>>

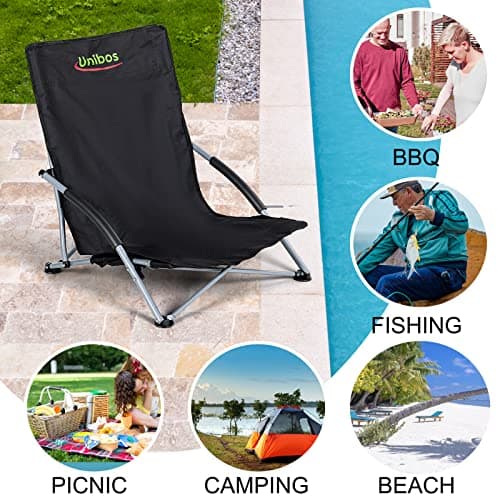 Unibos Set of 2 Folding Low Camping Chair, Lightweight,Foldable,Portable Garden Beach Chair Perfect for Camping,Garden,Festivals,Fishing,Caravan Trips and BBQs (Black) — view 4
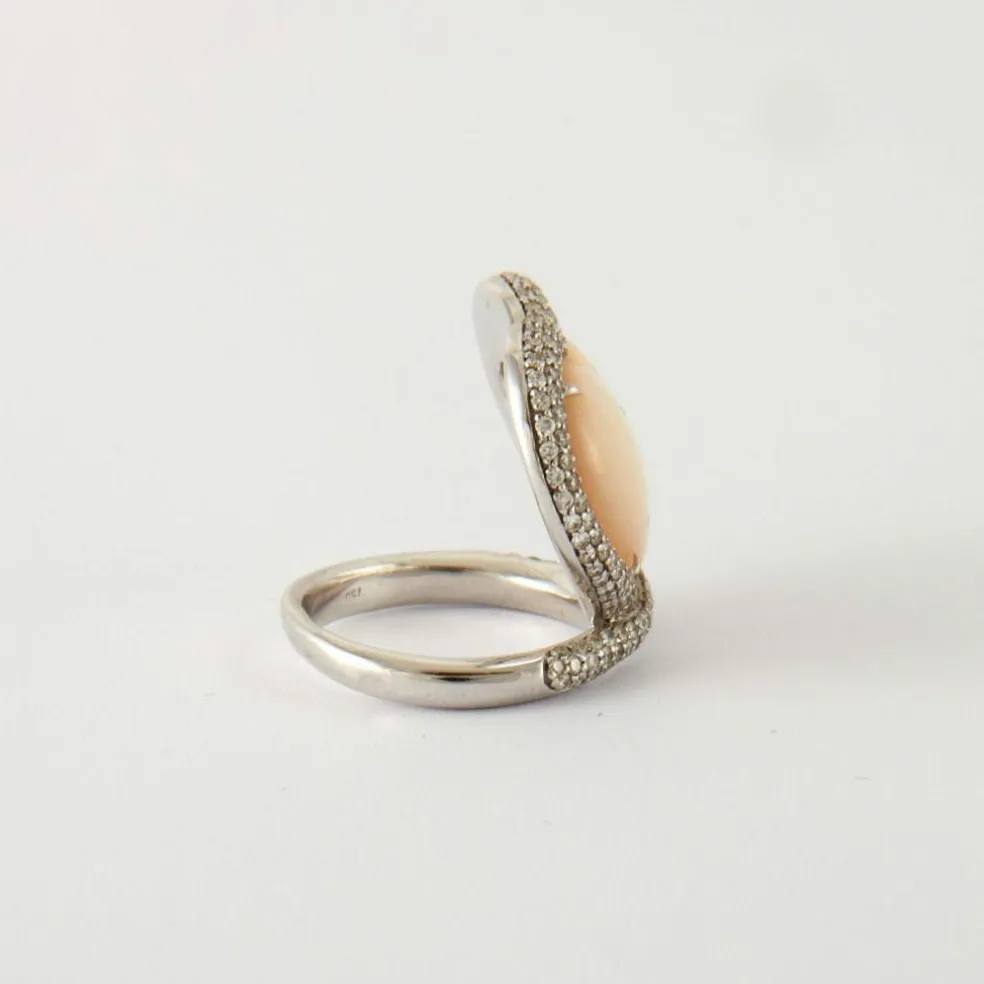 Bague Coeur Diamants Nacre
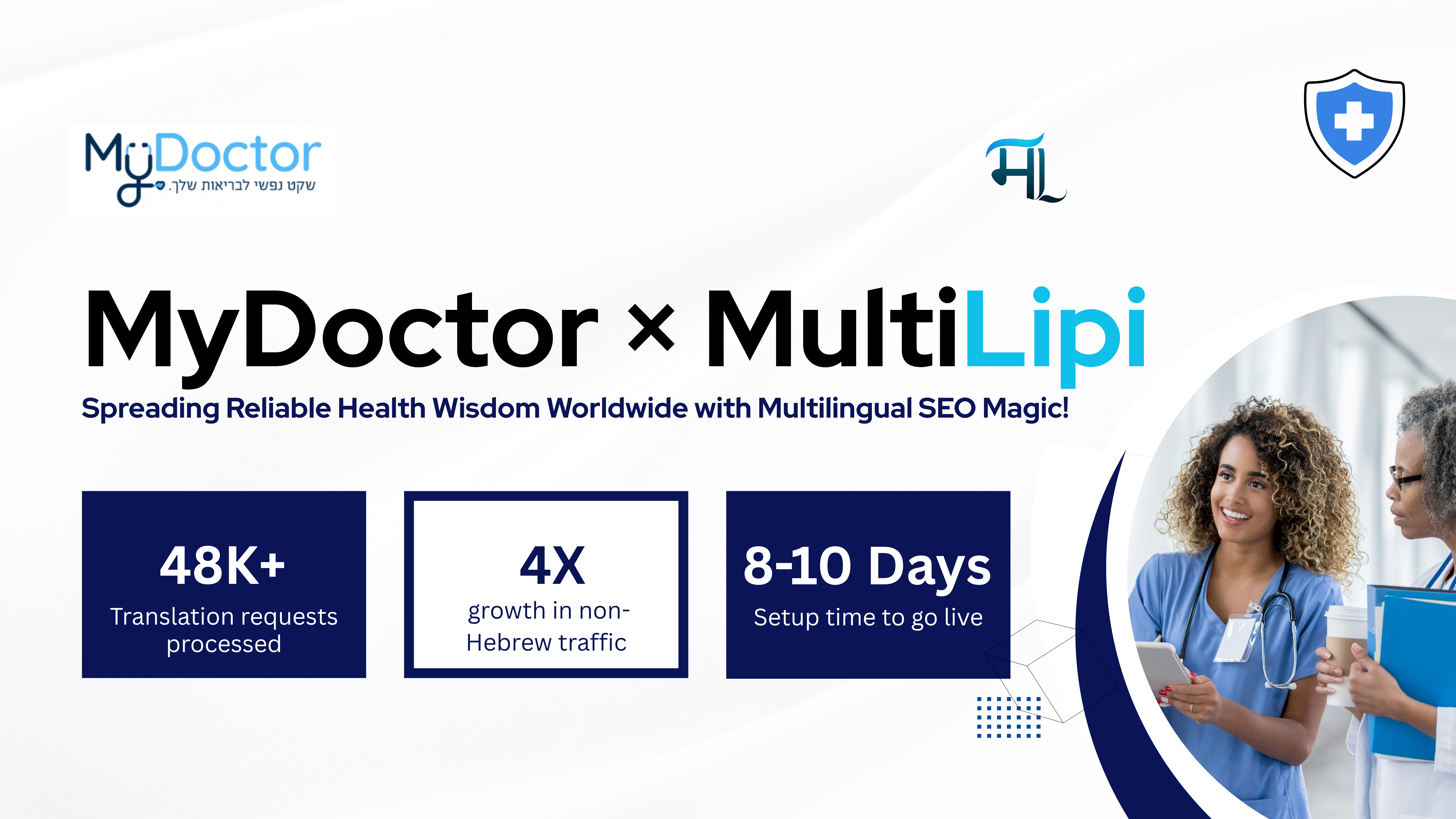 MyDoctor multilingual SEO case study cover with global reach illustration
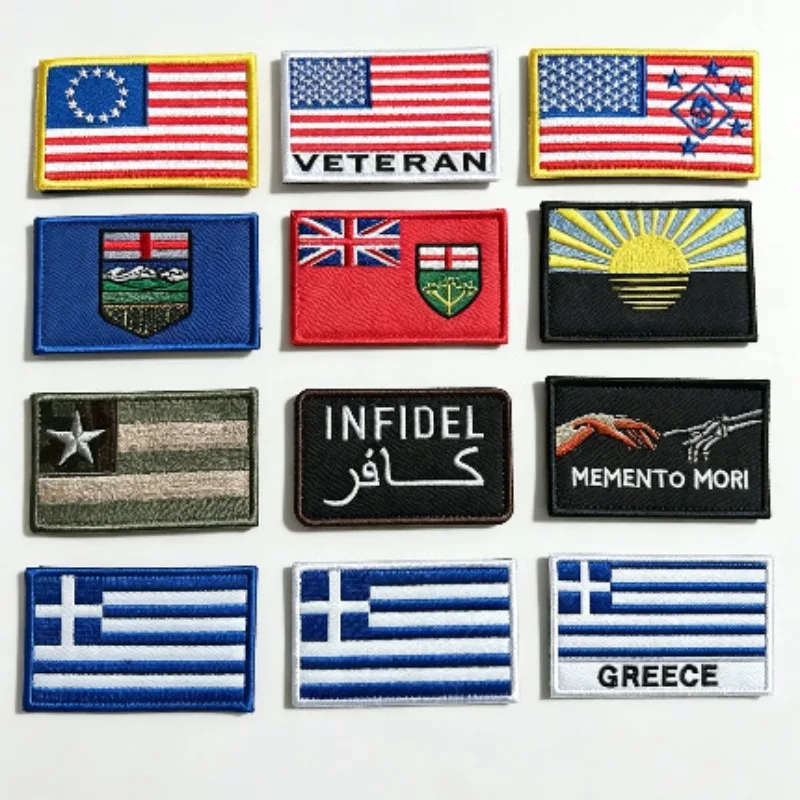 Parche militar bordado banderas EEUU Reino Unido Grecia velcro - imagen 2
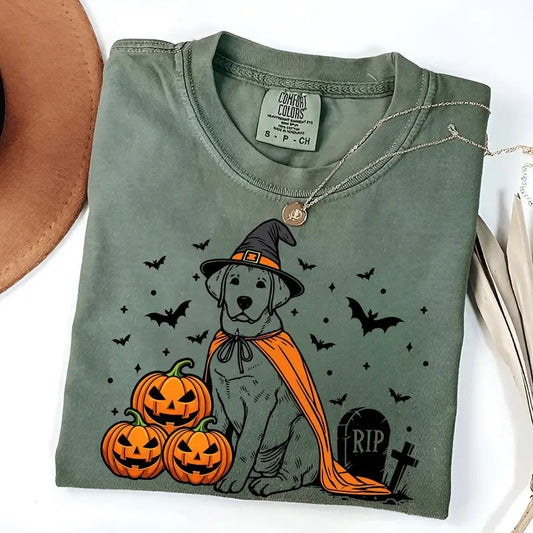 Comfort Colors Halloween Labrador Shirt | Spooky Lab Witch T-Shirt | Pumpkin Labrador Dog Tee | Funny Halloween Dog Lover Gift | Labrador Retriever Shirt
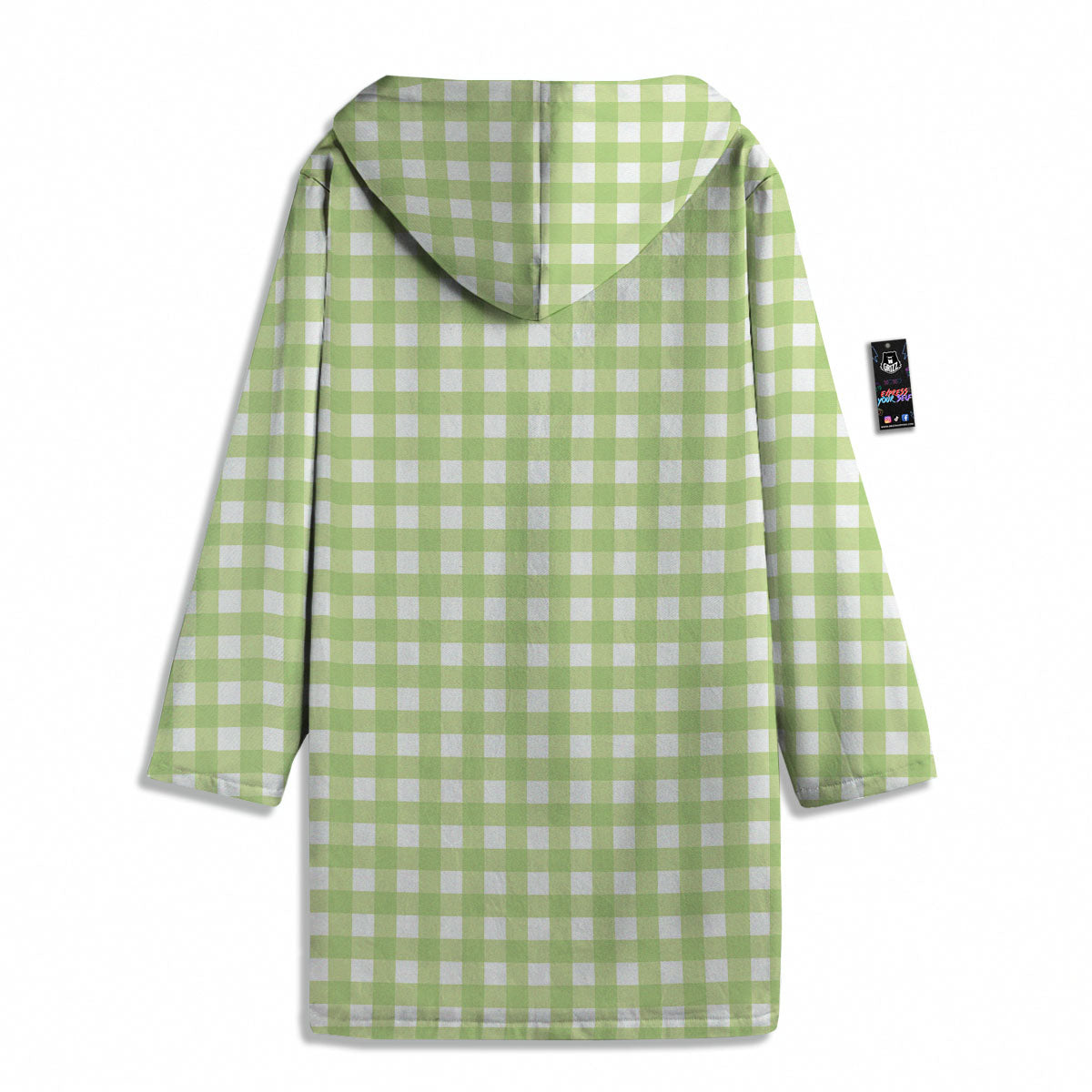 White And Green Check Print Pattern Men's Windbreaker Jacket-grizzshop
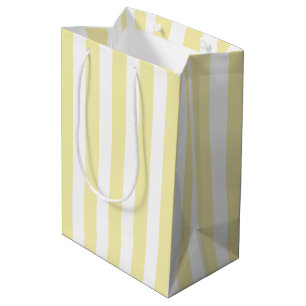Yellow and white candy stripes medium gift bag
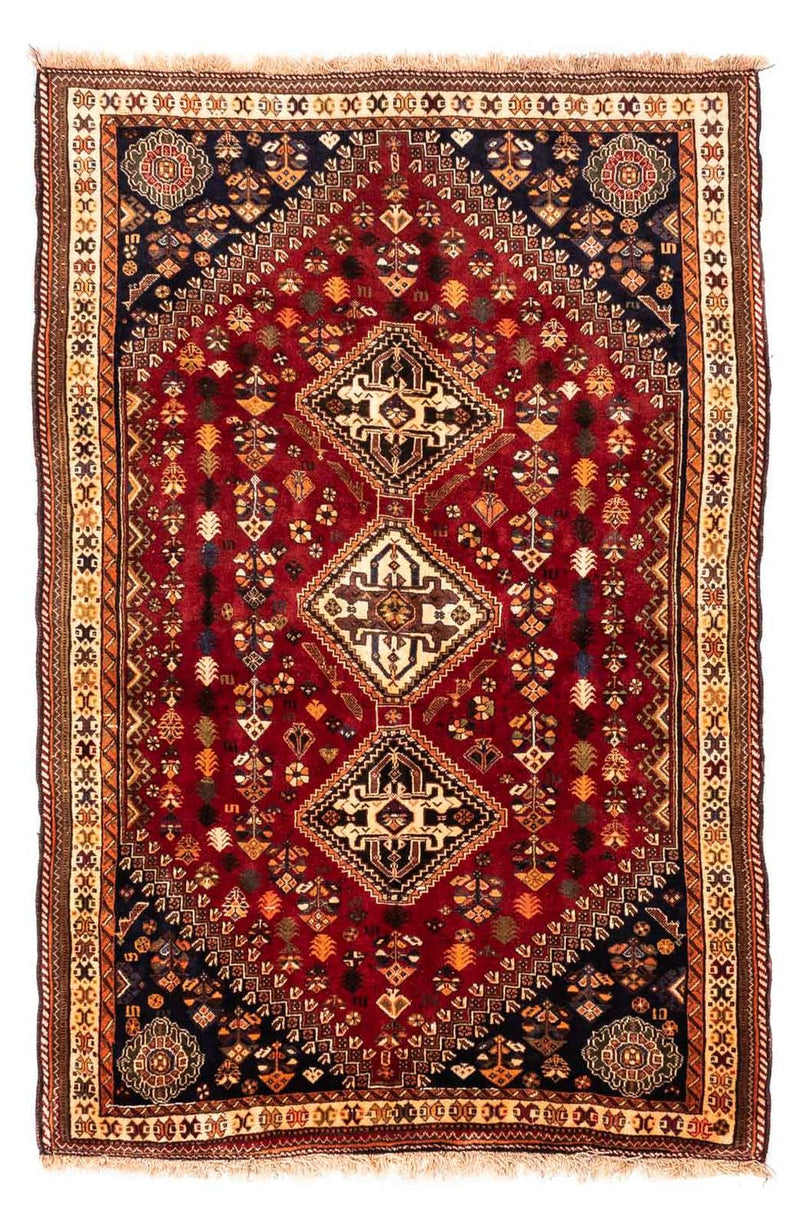 Alfombra persa - Nómada - 210 x 145 cm - rojo oscuro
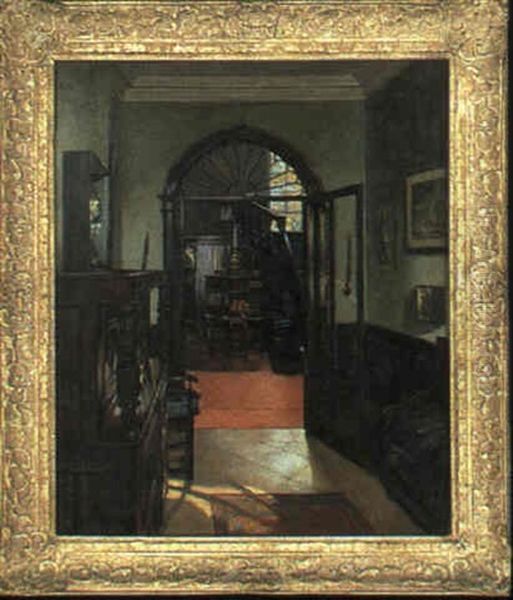 Hallway With A Fanlight Door Oil Painting by Mary Dawson Elwell
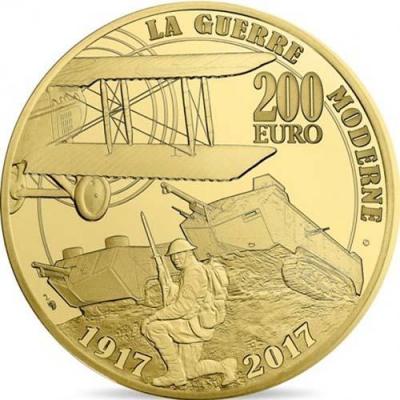 Франция золото 200 евро 2017 год «Танки и авиация» (реверс).jpg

<<

_YOUR GOAL_:
Once the line containing "Alfombra persa - Nómada" has been located, transcribe exactly and only every line from the first line of the entries through it, excluding pictures.

_SOLVED EXERCISE_:
 Unibos Set of 2 Folding Low Camping Chair, Lightweight,Foldable,Portable Garden Beach Chair Perfect for Camping,Garden,Festivals,Fishing,Caravan Trips and BBQs (Black) — view 4
 Bague Coeur Diamants Nacre
 MyDoctor multilingual SEO case study cover with global reach illustration
 Parche militar bordado banderas EEUU Reino Unido Grecia velcro - imagen 2
 Comfort Colors Halloween Labrador Shirt | Spooky Lab Witch T-Shirt | Pumpkin Labrador Dog Tee | Funny Halloween Dog Lover Gift | Labrador Retriever Shirt
 White And Green Check Print Pattern Men's Windbreaker Jacket-grizzshop
Yellow and white candy stripes medium gift bag
 Alfombra persa - Nómada - 210 x 145 cm - rojo oscuro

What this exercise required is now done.